The costs are not only distributive. Persistent productivity gaps point to misallocation. Firms that could be more productive remain constrained, and the economy forgoes output that stronger market matching might otherwise generate. Small-firm-led growth, under these conditions, delivers less than it could.

The idea of entrepreneurship as a pathway to mobility also looks less settled. Entry into business is often treated as an escape from labour market discrimination. But uneven outcomes within product and supplier markets mean that the move into enterprise does not fully escape the structures it is meant to bypass.

That is why the issue cannot end with participation.

Rethinking Policy: From Firm Support to Market Design

The implication for policy is immediate. The focus must shift from enabling entry to shaping how firms connect to markets.

Access to buyers, suppliers, and business networks determines not just whether a firm survives, but how far it can grow. Disadvantaged entrepreneurs are less likely to be embedded in these networks, limiting their ability to secure better contracts, scale production, or move into higher-value segments. Procurement design, value chain integration, and market platforms that reduce dependence on closed networks therefore matter more than standard firm-support measures alone.
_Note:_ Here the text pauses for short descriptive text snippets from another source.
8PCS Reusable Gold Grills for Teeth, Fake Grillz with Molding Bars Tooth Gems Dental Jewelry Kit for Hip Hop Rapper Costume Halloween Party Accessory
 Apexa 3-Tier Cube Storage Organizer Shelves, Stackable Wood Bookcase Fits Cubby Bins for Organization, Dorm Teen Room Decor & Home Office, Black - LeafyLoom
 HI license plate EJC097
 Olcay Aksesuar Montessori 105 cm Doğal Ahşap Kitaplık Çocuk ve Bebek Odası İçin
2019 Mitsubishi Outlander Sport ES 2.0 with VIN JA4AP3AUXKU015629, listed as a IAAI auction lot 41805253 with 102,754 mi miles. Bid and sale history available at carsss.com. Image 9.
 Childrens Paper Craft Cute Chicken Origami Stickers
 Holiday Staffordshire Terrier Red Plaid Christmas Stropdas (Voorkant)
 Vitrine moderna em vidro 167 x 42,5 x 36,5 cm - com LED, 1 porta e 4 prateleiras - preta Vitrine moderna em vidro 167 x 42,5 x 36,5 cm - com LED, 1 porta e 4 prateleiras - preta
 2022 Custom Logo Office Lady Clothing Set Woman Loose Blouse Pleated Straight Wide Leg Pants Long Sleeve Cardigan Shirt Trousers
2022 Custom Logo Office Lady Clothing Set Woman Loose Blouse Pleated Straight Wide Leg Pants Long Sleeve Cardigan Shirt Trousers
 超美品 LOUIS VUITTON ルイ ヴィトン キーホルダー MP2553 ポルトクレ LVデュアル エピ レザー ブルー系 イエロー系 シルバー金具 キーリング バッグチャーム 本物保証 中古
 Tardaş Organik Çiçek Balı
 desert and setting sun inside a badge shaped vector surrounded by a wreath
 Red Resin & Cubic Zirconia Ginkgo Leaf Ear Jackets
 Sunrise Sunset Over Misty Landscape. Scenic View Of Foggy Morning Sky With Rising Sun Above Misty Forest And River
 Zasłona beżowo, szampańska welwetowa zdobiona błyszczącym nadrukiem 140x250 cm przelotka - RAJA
This also requires a change in what policy counts as success. The number of enterprises created, or the volume of credit disbursed, says little if firms with similar characteristics continue to achieve sharply different outcomes. A more meaningful benchmark is whether comparable firms are able to achieve comparable productivity.

Better measurement must support that shift. Regular, disaggregated data on enterprise performance by caste, gender, and location can make these gaps visible and allow policy to track whether interventions are altering outcomes rather than merely expanding participation.

The Limits of Capability Without Equity

India’s entrepreneurial transition reframes the challenge of inclusion. The question is whether markets deliver comparable outcomes for comparable firms.

A more productive economy will require more than more firms. It will require markets that translate similar capabilities into similar returns. Until that changes, productivity and mobility will remain unevenly distributed.